Using autoregressive character-level language model to augment wordlists?
#5
(12-27-2023, 06:27 AM)penguinkeeper Wrote: And now Torch rules the entire Chess world Smile I know what you're saying though and I agree that often brains is better than brawn but with something as relatively unpredictable as passwords, it's simply just a very difficult thing to predict. You're not just guessing what someone will choose, you're searching an almost random space of billions of people's brain RNGs. There isn't a pattern between one person to another, you just have to crush your own way through it. You're absolutely welcome to experiment with the many models out there, though and I'll have to add it to my own to-do list

So it's been a while but recently this idea popped back into my mind.

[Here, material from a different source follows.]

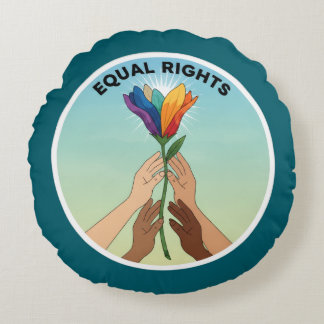 Equal Rights Rainbow Flower-Diverse and Unity ラウンドクッション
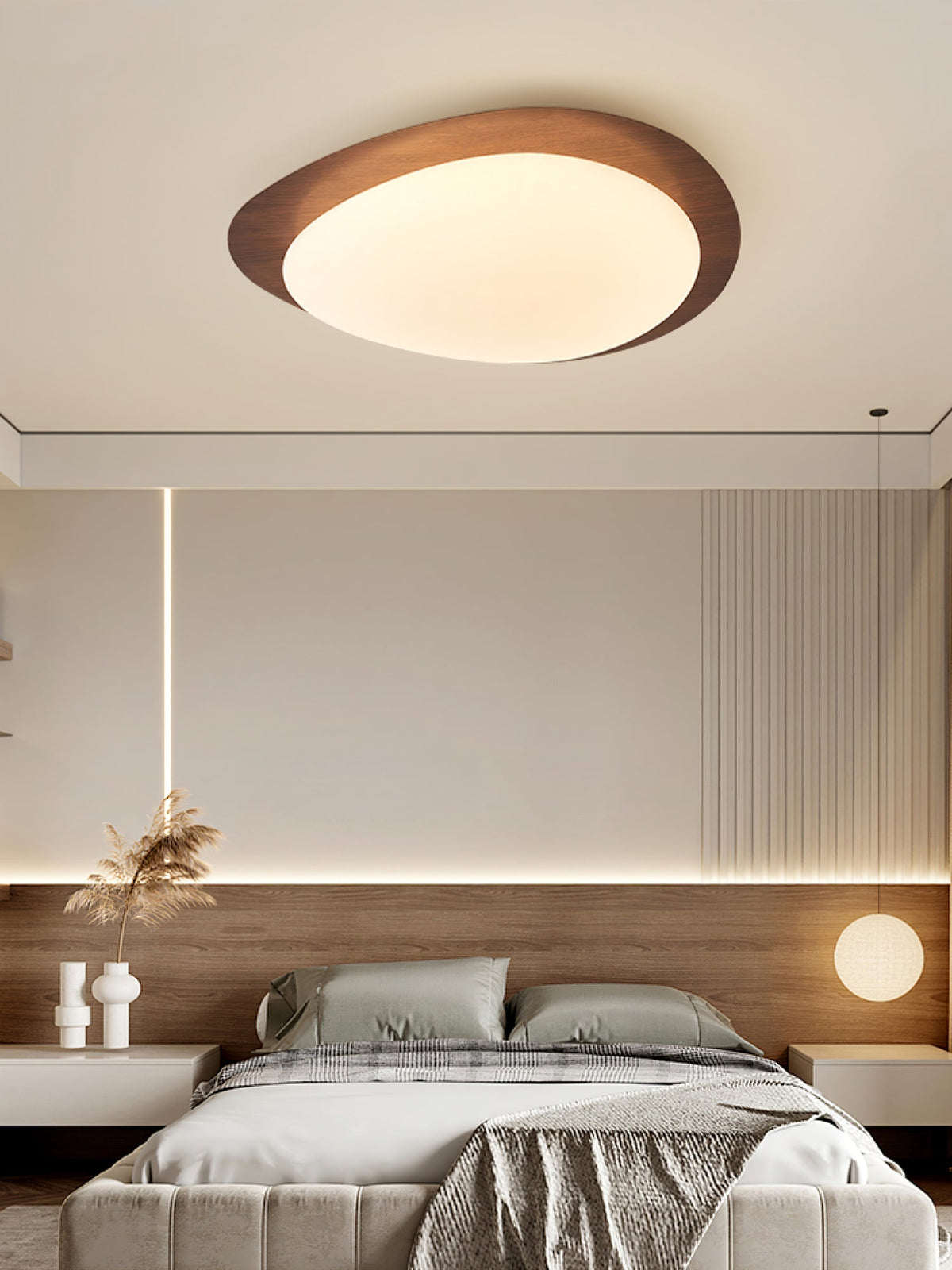 Sylenia Deckenleuchte Pebble Walnuss Holzmasse Acryl LED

I took a wordlist hashmob.net.small - 2 million passwords, and I trained a small 25 million parameter model for not even half an epoch on it.

Then I generated 10,000 new passwords. Out of them, only 6921 were not present in the training set - so these were the unique AI generate passwords.

Then to check the quality of the said passwords I took a bigger wordlist hk_hlm_founds 38.6 million passwords. It turns out my AI generated wordlist contains 678 passwords that can be found in that wordlist. Then I checked an even bigger wordlist, weakpass_4.latin 2.16 billion passwords. My AI generated wordlist shares 3313 passwords with that list, so I guess at least 48% of my newly generated unique passwords are actually useful which to be honest is way more than I expected, especially since I did not do any kind of hyperparameter tuning and I did not even train it for a single epoch.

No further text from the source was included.